2. Matrices (MML 2.2)¶

A matrix $\mathbf{A} \in \mathbb{R}^{m \times n}$ is a rectangular array of real numbers with $m$ rows and $n$ columns.

Key operations:

Addition: $(\mathbf{A} + \mathbf{B})_{ij} = a_{ij} + b_{ij}$ (element-wise, same dimensions required)
Multiplication: $(\mathbf{A}\mathbf{B})_{ij} = \sum_{l=1}^{n} a_{il}b_{lj}$ (inner dimensions must match)
Transpose: $(\mathbf{A}^\top)_{ij} = a_{ji}$
Inverse: $\mathbf{A}\mathbf{A}^{-1} = \mathbf{A}^{-1}\mathbf{A} = \mathbf{I}_n$ (only for square, non-singular matrices)

Important properties:

Associativity: $(\mathbf{A}\mathbf{B})\mathbf{C} = \mathbf{A}(\mathbf{B}\mathbf{C})$
Distributivity: $\mathbf{A}(\mathbf{B} + \mathbf{C}) = \mathbf{A}\mathbf{B} + \mathbf{A}\mathbf{C}$
Not commutative in general: $\mathbf{A}\mathbf{B} \neq \mathbf{B}\mathbf{A}$
$(\mathbf{A}\mathbf{B})^\top = \mathbf{B}^\top \mathbf{A}^\top$
$(\mathbf{A}\mathbf{B})^{-1} = \mathbf{B}^{-1}\mathbf{A}^{-1}$

# Matrix operations -- using Example 2.3 from MML
A = np.array([[1, 2, 3],
              [3, 2, 1]])

B = np.array([[0, 2],
              [1, -1],
              [0, 1]])

print('A (2x3):')
print(A)
print('\nB (3x2):')
print(B)

AB = A @ B
BA = B @ A
print(f'\nAB (2x2):\n{AB}')
print(f'\nBA (3x3):\n{BA}')
print(f'\nAB != BA  (matrix multiplication is NOT commutative, dimensions even differ here)')
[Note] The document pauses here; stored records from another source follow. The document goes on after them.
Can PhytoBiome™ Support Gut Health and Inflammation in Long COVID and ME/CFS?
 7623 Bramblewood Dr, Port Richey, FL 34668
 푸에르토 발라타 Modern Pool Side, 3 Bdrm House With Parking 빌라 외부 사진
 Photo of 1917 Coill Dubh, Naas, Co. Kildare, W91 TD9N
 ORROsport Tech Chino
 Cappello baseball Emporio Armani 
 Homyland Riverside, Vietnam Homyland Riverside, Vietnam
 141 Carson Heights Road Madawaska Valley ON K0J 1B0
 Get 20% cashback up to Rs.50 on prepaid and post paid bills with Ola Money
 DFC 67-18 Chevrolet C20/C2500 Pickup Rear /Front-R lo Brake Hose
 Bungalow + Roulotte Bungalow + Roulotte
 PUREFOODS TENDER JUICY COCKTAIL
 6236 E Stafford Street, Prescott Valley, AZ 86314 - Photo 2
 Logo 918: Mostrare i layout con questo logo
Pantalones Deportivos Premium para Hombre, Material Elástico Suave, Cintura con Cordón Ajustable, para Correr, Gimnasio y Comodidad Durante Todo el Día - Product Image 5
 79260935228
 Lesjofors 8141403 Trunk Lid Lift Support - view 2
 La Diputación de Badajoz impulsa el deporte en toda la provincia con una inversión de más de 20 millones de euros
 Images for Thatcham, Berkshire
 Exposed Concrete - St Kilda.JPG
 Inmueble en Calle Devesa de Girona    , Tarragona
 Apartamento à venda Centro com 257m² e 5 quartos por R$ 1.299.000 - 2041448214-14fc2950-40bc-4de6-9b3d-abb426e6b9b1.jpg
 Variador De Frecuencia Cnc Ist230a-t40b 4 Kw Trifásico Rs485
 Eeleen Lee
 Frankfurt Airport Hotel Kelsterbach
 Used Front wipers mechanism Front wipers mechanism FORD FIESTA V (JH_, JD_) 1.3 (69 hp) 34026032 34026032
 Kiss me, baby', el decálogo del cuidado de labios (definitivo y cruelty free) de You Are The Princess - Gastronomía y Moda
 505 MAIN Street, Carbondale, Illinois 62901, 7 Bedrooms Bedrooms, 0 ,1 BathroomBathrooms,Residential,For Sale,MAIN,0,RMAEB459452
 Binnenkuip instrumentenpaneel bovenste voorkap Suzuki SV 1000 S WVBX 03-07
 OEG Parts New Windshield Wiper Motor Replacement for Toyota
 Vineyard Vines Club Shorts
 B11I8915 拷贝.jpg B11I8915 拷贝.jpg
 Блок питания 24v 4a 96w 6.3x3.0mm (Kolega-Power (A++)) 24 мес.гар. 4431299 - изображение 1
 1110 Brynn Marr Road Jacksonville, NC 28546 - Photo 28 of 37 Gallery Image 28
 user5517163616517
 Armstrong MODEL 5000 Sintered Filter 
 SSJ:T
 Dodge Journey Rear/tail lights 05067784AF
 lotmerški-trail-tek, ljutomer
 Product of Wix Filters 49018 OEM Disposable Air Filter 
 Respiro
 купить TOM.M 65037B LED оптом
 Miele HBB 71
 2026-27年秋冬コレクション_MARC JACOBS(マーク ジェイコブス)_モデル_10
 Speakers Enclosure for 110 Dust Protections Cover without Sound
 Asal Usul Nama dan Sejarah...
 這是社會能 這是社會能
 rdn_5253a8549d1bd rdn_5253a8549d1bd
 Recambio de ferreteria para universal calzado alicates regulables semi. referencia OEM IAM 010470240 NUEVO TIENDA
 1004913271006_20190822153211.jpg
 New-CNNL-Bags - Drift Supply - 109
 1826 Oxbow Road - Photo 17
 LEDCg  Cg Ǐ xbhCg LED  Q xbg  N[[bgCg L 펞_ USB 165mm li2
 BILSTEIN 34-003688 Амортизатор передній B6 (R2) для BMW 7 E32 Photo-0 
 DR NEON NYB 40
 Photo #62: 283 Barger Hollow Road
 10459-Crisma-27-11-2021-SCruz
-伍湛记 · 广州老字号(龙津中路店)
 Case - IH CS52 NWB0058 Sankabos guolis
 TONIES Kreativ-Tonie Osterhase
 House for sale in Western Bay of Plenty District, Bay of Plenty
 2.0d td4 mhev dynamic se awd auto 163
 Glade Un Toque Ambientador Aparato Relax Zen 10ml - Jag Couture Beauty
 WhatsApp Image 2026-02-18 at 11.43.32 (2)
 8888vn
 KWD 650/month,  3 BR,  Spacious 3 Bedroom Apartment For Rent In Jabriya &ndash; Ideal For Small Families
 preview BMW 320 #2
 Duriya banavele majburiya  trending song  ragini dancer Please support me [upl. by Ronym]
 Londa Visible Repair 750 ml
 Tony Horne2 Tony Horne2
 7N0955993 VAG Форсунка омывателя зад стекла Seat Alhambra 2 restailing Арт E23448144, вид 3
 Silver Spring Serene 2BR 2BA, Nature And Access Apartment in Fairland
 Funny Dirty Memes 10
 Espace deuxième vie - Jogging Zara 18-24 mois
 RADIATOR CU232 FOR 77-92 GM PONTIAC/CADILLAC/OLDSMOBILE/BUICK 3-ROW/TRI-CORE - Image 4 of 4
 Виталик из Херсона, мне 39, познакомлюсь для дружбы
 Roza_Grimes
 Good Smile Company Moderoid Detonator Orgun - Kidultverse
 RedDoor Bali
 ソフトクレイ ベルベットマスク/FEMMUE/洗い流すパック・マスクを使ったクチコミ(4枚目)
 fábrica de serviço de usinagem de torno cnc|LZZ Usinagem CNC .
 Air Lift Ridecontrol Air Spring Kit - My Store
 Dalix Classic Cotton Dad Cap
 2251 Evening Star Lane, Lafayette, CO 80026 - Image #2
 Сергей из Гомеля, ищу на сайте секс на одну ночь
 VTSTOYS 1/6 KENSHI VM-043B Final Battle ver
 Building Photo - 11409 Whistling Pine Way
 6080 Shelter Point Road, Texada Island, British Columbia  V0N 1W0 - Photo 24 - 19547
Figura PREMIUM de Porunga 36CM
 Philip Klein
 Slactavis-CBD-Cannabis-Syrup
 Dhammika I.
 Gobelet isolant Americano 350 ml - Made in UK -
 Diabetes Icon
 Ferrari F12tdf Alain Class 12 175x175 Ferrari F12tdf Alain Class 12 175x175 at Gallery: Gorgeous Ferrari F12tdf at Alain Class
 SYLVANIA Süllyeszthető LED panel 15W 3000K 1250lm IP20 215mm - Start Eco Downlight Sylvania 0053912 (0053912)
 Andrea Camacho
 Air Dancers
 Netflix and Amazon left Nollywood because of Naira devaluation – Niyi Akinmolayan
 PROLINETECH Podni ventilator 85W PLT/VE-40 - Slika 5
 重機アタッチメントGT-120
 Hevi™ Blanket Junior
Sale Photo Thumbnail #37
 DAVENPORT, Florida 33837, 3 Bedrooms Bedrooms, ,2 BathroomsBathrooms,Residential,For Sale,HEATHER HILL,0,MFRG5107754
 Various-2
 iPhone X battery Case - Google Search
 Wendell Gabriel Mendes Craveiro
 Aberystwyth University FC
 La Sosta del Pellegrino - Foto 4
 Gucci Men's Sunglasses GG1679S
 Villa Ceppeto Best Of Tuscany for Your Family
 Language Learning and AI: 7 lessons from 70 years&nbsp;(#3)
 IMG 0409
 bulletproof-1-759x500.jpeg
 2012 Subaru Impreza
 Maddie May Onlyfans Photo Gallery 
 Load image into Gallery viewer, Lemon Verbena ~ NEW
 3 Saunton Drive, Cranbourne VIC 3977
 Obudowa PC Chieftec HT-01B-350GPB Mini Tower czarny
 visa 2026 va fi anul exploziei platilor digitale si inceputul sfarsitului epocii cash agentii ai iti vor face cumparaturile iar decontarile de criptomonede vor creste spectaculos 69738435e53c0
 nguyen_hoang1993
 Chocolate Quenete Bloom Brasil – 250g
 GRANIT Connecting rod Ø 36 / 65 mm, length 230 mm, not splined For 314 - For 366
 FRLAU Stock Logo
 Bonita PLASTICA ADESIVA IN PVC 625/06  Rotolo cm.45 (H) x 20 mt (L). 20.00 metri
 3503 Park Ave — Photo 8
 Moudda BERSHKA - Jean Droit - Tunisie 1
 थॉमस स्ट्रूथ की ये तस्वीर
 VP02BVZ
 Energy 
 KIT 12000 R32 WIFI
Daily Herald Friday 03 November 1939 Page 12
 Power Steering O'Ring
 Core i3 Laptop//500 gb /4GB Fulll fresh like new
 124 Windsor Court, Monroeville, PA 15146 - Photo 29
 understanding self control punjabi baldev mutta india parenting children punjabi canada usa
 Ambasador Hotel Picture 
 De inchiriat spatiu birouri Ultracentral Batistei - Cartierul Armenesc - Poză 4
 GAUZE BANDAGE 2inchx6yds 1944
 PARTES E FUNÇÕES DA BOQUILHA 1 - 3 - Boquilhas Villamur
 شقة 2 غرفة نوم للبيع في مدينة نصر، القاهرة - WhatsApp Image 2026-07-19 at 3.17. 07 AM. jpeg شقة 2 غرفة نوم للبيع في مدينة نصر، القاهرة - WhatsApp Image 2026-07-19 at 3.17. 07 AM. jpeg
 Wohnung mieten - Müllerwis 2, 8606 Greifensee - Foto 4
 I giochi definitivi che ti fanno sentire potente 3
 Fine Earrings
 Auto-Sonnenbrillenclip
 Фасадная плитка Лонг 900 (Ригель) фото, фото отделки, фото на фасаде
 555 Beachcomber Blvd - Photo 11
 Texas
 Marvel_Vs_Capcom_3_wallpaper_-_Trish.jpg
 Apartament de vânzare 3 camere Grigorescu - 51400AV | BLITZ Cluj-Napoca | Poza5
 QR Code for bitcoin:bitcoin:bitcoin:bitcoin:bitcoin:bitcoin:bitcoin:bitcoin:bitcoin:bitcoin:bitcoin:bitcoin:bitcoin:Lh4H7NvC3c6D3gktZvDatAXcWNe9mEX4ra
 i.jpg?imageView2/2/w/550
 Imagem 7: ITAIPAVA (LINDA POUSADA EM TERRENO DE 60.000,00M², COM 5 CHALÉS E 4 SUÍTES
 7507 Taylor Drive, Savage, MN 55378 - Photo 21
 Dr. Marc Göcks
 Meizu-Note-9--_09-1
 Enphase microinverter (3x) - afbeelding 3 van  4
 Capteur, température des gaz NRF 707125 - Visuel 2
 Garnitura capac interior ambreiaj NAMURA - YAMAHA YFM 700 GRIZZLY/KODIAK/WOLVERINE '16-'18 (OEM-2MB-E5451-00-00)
# Transpose, inverse, and key identities
# Example 2.4 from MML: A and B are inverses
A_inv_ex = np.array([[1, 2, 1],
                     [4, 4, 5],
                     [6, 7, 7]])

B_inv_ex = np.array([[-7, -7, 6],
                     [2, 1, -1],
                     [4, 5, -4]])

print('A @ B (should be identity):')
print(A_inv_ex @ B_inv_ex)

print('\n--- Transpose properties ---')
C = np.array([[1, 2], [3, 4], [5, 6]])  # 3x2
D = np.array([[7, 8, 9], [10, 11, 12]])  # 2x3
print(f'(CD)^T == D^T @ C^T: {np.allclose((C @ D).T, D.T @ C.T)}')
print(f'(A^T)^T == A:        {np.allclose(C.T.T, C)}')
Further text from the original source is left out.